Kathy Mikells: Just the other thing I’d add to that is the investment environment is certainly a bit more difficult in Europe. If you go back and look at the end of 2022, the additional taxes that were levied onto the energy sector. If you look at expanded disclosure requirements that Europe is looking for, or if you look at regulation around reducing carbon footprint and not necessarily implementing regulation that’s technology agnostic and focused on just reducing carbon intensity, that all makes Europe a much tougher investment proposition. So that’s certainly one of the things that we look at in any place across the globe as we look to make future investment decisions.

John Royall: Thank you.

Darren Woods: Thank you.

Operator: Next question is from Biraj Borkhataria of RBC.

Biraj Borkhataria: Quite fitting to take the next question from an analyst sitting in London, but I just have one question. You have a lot of energy coming into your portfolio in the coming years, the Golden Pass, Qatar, etcetera. You have quite a high oil weighting in the current sales mix. Are you looking to diversify over time or would you like to maintain that kind of 80% to 90% oil link exposure in your contract base over time? Thank you.

Darren Woods: Good morning, Biraj. Thank you. I would tell you, we’re not as focused on an absolute mix number, as much as the advantaged investment opportunities that we can find in those businesses. We see long-term demand for oil continuing, albeit with a much lower emissions footprint as we continue to find ways to decarbonize. We also see long-term demand for natural gas, and so I think as we look at both of those, both the liquids and the gas side of the equation, we see a long-term future there and an opportunity for this company to participate if we have advantaged projects that position us on a low cost of supply, and so that’s how we think about that. And that advantaged position, which manifests itself in cost of supply, as you know obviously manifests itself in above industry average returns, which is the objectives that we set for ourselves and so that’s how we’re thinking about it.

And frankly, we’ll let the opportunity that we find in these advantaged investments set the proportion of the portfolio that those represent. We will not invest in a project that I’m not convinced doesn’t, one, leverage our core competitive advantages, that two, then results in a project which is advantaged versus other, and that three then, is on the low cost of supplies. Because as good as the market may look today out the window, we know there are cycles. We don’t think the cycles are going away and so we remain very focused on making sure that we take advantage of the upswings, but we’re prepared for the downswings and we’ll be very successful. And as we just talked about in the chemical business, great example of being in the very bottom of a downswing and continuing to generate cash and make good solid earnings, and that’s the ambition we have for all of our businesses.

Biraj Borkhataria: Understood. And just as a follow-up to that, there’s obviously been ongoing security challenges in Mozambique. What is your view at this point on whether you’d be interested in doing a second floating facility? Because obviously monetizing the onshore part has become very challenging.

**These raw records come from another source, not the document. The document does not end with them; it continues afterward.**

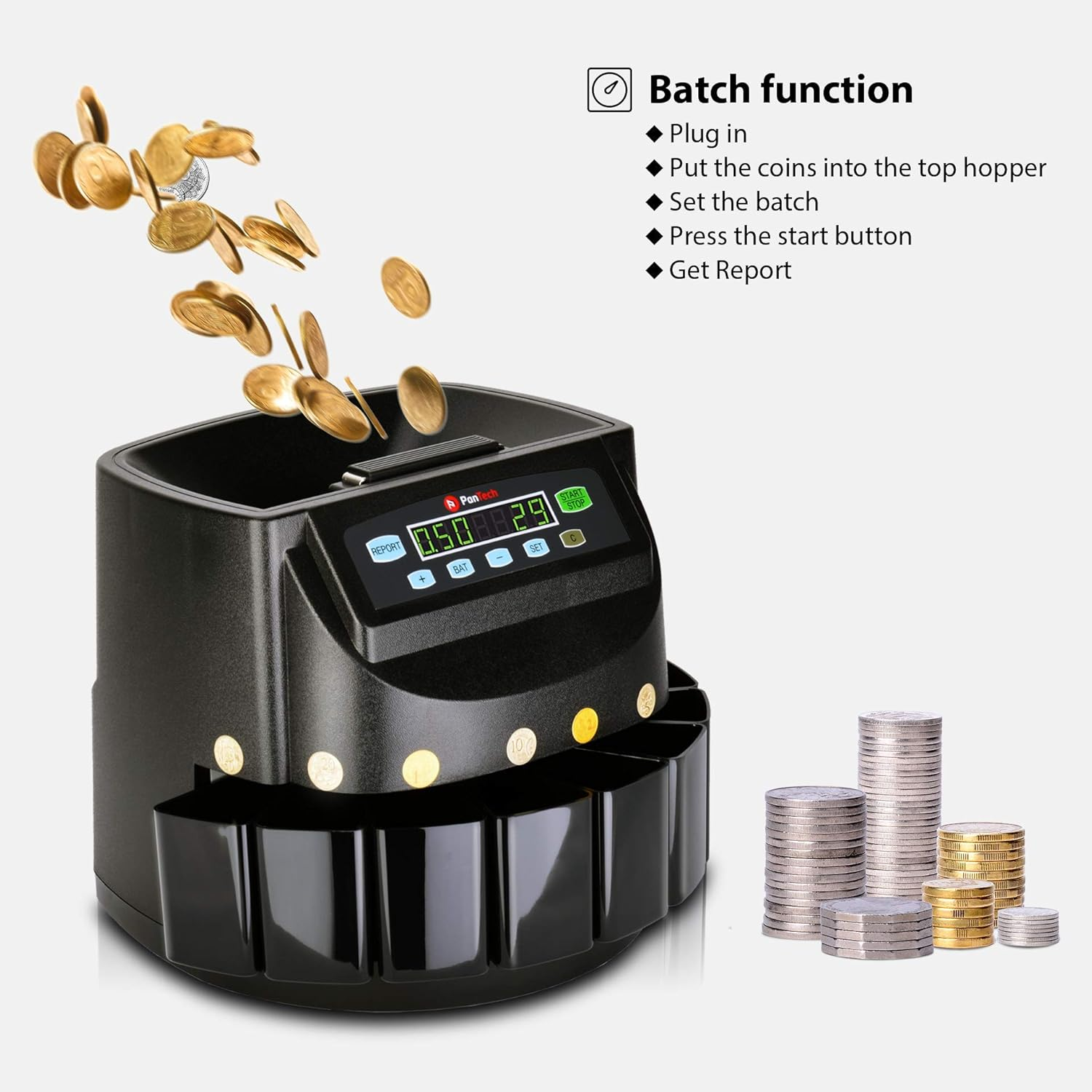 Pantech Australian Coin Counter-Money Coin Counting Machine - High-Speed Coin Sorter, up to 330 Units/Min &ndash; Black Color - LCD Display, Anti-Jam Function, Large Capacity Hopper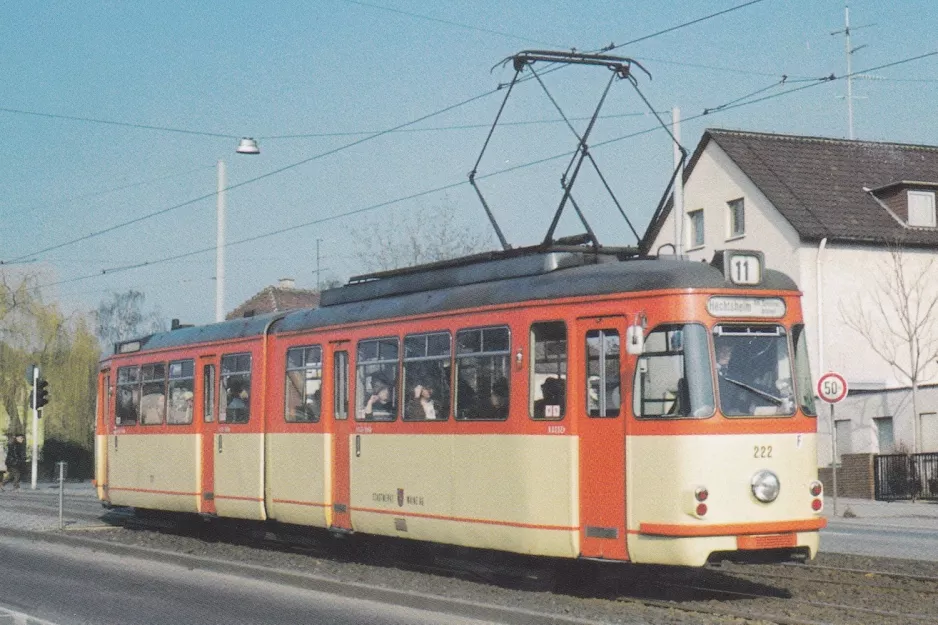Postkarte: Mainz Straßenbahnlinie 51 mit Gelenkwagen 222 auf Elbestraße (1984)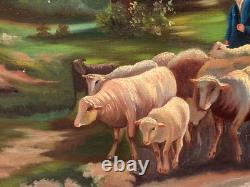 Ancient painting signed E. P. Berger and his Herd. Oil painting on canvas. A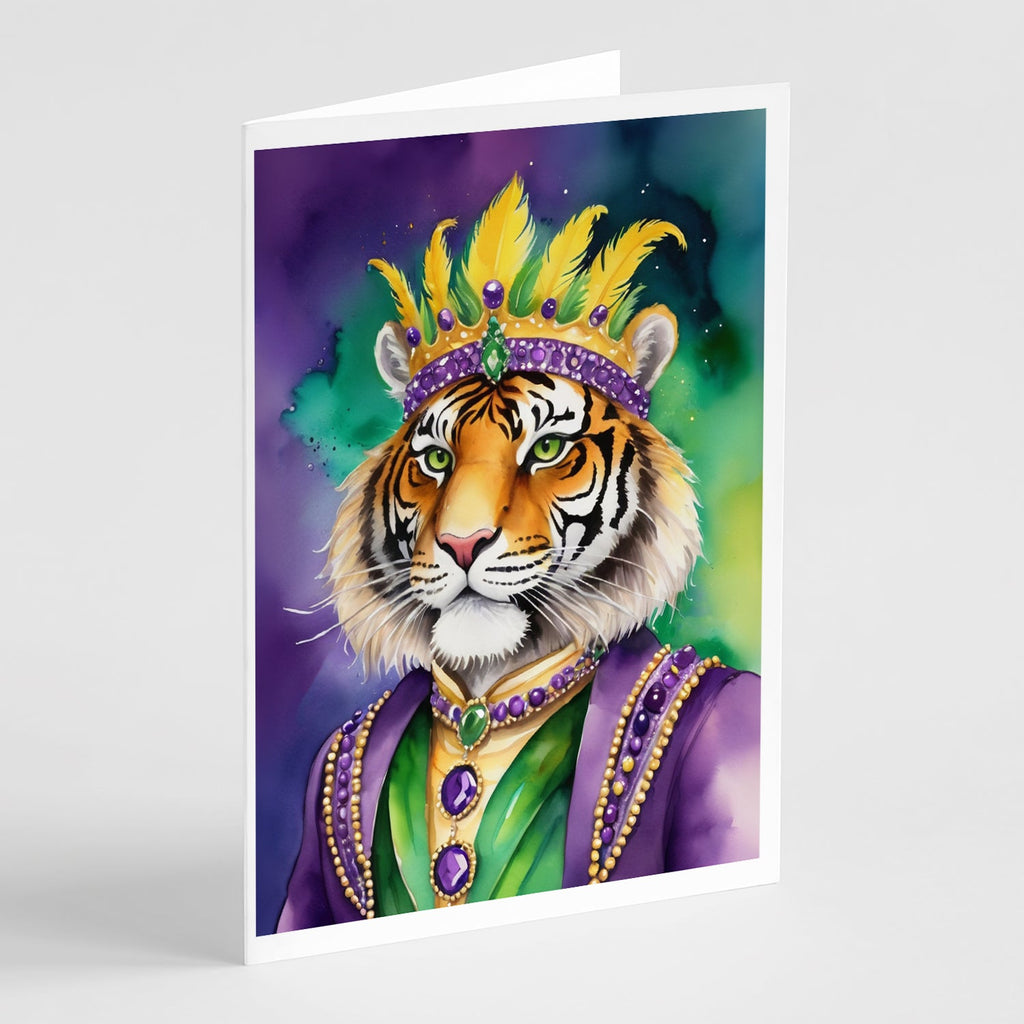 Tiger the King of Mardi Gras Greeting Cards Pack of 8 Blank Cards with Envelopes Whimsical A7 Size 5x7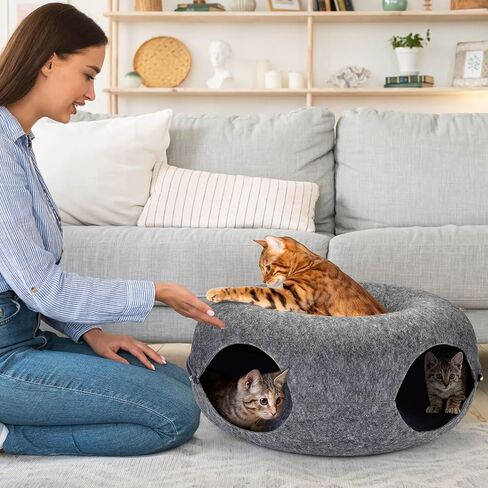 كهف بيكابو للقطط من بيتيزر مقاس 24 بوصة، سرير نفق كبير للقطط للقطط الداخلية، بيت قطط مستدير قابل للفصل لمخبأ القطط، نفق دونات للقطط قابل للغسل للقطط المتعددة والقطط الكبيرة (24 بوصة، رمادي فاتح) in Kuwait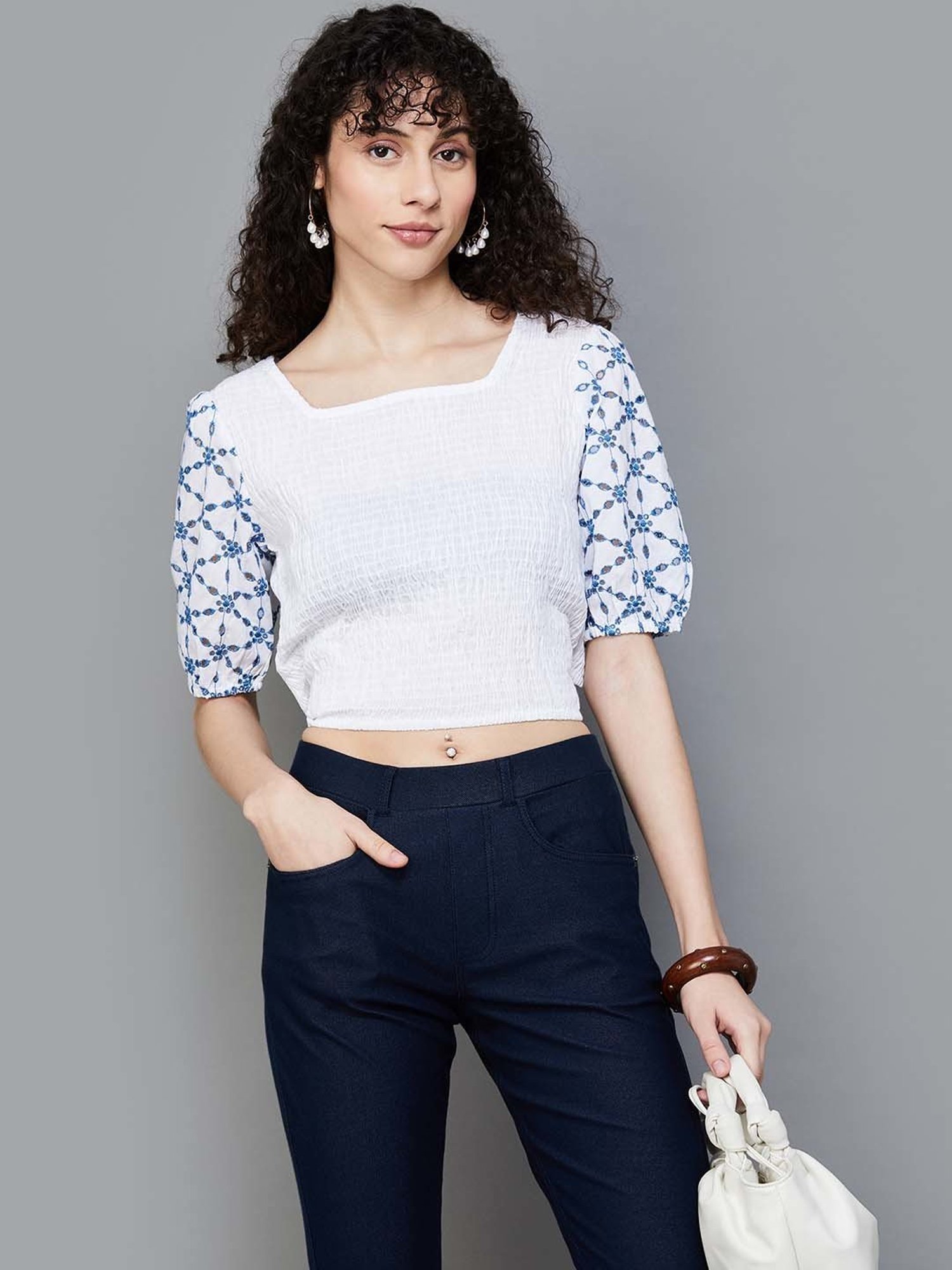 Colour Me by Melange Off-White Cotton Embroidered Crop Top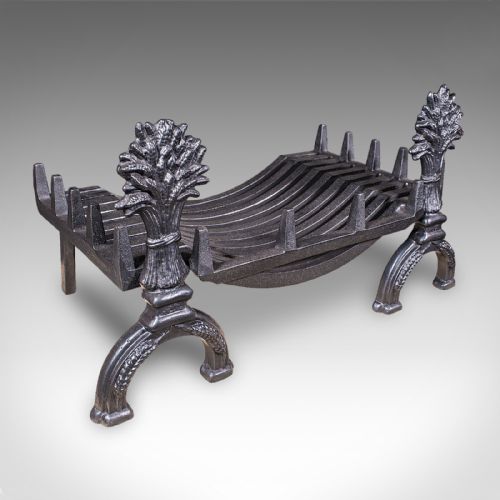 Antique Country House Fireplace Set, English, Fire Basket, Andirons, Victorian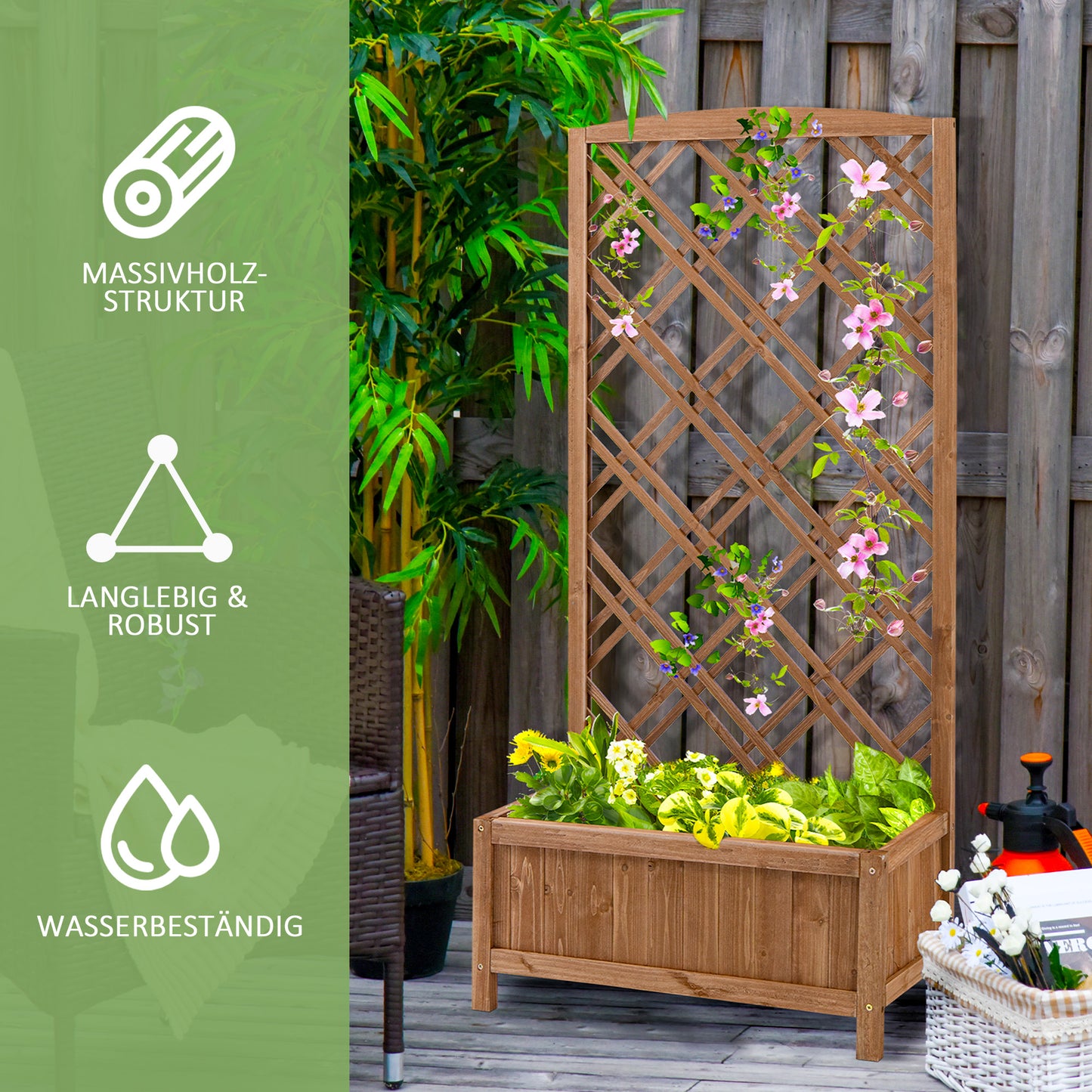 Plantenrek – Bloemenstandaard – Plantenbak – Plantentafel – Klimrek – Houten Verhoogde Plantenbak – Geel – 60x30x122,5 cm – Duurzaam Vurenhout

Darren Woods: Yeah, I think obviously you rightly pointed out there, security challenges there. I think there’s been a lot of good progress made with respect to that. I think Mozambique, the country of Mozambique, the government of Mozambique recognizes the importance, not only for the project, frankly for the people of Mozambique that needs to be addressed and effectively managed. I think they’ve made good progress in doing that. My view is with time, we’ve seen this in other places around the world, that will get addressed, and it will result in an opportunity to invest onshore. With respect to onshore/offshore, we frankly, it comes back to the point I made at the beginning of your question, which is it depends on the returns that we can generate with respect to investment opportunities and how competitive those supply points are.